Tuesday, December 9th 2014, 11:55 am

By: News On 6


The Senate Intelligence Committee released the findings from their three and a half year investigation into the CIA's enhanced interrogation techniques Tuesday, saying that the agency's methods were not only ineffective at gathering necessary information, but that the CIA consistently misled Congress and the public about the program to keep it going.

"This document examines the CIA's secret overseas detention of at least 119 individuals and the use of coercive interrogation techniques - in some cases amounting to torture," said Sen. Dianne Feinstein, D-California, the chairwoman of the Senate Intelligence Committee.

The investigation began as a bipartisan endeavor, with all but one member of the intelligence committee voting to start the review in March 2009. Ultimately, however, just one Republican on the Senate Intelligence Committee, Sen. Olympia Snowe, R-Maine, joined Democrats in voting to approve it in 2012. Many of the Republicans on the committee joined Democrats in voting to declassify the report in April, arguing that the public should draw its own conclusions about the effectiveness of the enhanced interrogation program.

There are four key findings: That the CIA's enhanced interrogation techniques did not lead to the collection of critical intelligence that disrupted a plot; that the CIA provided extensive inaccurate information about the operation of the program and its effectiveness to both lawmakers and the public; that the management of the program was deeply flawed, and that it was far more brutal than the CIA led lawmakers and the public to believe once it was revealed in 2006.

Just the 480-page executive summary of the report was released Tuesday.

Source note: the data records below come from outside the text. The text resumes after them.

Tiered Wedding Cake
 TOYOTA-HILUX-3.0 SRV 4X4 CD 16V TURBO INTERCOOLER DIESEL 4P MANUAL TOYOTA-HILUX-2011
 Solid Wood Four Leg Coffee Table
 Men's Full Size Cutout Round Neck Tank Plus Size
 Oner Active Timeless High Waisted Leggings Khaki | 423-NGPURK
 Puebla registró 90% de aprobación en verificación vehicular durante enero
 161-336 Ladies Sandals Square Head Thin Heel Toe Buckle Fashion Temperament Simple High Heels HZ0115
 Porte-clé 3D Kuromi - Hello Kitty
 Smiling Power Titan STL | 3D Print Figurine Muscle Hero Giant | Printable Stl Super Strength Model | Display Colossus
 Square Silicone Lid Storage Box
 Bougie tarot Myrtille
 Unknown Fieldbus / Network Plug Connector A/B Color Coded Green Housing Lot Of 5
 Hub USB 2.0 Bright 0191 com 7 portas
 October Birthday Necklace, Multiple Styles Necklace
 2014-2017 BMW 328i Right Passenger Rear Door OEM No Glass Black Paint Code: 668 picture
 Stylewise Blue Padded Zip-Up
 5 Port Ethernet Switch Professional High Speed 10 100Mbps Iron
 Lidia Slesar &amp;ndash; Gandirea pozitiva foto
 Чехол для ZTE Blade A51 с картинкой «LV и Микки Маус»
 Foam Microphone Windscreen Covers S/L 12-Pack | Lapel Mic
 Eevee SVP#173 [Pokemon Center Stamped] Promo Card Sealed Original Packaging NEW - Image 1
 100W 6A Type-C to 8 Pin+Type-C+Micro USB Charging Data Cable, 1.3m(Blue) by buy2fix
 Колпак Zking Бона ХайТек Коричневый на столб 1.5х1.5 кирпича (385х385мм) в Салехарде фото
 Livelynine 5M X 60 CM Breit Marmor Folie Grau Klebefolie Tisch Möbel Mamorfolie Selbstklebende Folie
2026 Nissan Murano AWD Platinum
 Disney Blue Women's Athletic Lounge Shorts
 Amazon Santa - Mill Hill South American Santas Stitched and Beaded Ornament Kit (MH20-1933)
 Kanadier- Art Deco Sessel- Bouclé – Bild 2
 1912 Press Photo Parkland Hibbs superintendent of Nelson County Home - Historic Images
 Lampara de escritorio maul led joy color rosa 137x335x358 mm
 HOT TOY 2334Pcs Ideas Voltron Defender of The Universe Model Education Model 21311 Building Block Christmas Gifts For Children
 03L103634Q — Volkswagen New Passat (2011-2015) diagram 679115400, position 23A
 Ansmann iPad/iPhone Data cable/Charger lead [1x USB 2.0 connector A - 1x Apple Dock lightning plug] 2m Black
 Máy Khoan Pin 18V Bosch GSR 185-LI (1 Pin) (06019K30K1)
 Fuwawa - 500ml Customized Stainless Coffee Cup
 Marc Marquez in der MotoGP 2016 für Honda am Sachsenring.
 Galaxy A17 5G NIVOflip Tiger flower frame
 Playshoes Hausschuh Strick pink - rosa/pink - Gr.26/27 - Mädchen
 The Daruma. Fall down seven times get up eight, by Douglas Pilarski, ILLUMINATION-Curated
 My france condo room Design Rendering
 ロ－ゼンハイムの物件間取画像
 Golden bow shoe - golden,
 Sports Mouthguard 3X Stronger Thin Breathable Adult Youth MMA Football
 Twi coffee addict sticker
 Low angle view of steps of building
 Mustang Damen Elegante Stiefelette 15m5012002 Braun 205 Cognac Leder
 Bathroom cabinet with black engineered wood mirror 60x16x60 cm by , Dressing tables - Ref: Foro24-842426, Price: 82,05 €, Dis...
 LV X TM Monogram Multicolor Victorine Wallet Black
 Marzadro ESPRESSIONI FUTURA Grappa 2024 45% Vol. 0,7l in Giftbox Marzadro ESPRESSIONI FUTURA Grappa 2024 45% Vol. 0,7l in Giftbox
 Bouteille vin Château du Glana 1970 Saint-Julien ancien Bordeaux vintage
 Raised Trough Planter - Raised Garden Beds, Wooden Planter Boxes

The full report, which is more than 6,000 pages long, was the result of the Senate Intelligence Committee's review of more than 6.3 million pages of CIA records. They reviewed 20 of the most frequent and prominent examples of so-called successful interrogations cited by the CIA, that resulted in actionable intelligence.

The report concludes there was no link between the information obtained using enhanced interrogation techniques and the successful counterterrorism examples cited by the CIA. The supposed unique information that was gained during the interrogations was actually obtained before enhanced interrogation was used, or merely corroborated information that was already available to the intelligence community from sources other than the detainee.

There were 119 known detainees that were in CIA custody during the life of the program. Twenty-six of them were wrongfully held, the report concludes, and detainees often remained in custody for months after the CIA determined they should have been detained.

The information gained from the detainees during the interrogations, the report finds, was often fabricated, but the interrogators did not know that they were receiving fabricated information. It also cites examples of CIA personnel calling into question the effectiveness of the techniques.

The report also outlines inaccurate information the CIA provided to the White House, Congress, the Justice Department, the CIA inspector general, the media, and the American public about the program. The CIA said the intelligence gained from the detainees subjected to enhanced interrogation techniques saved American lives and they provided examples of supposedly thwarted terrorist plots, but that information contradicted the CIA's own records.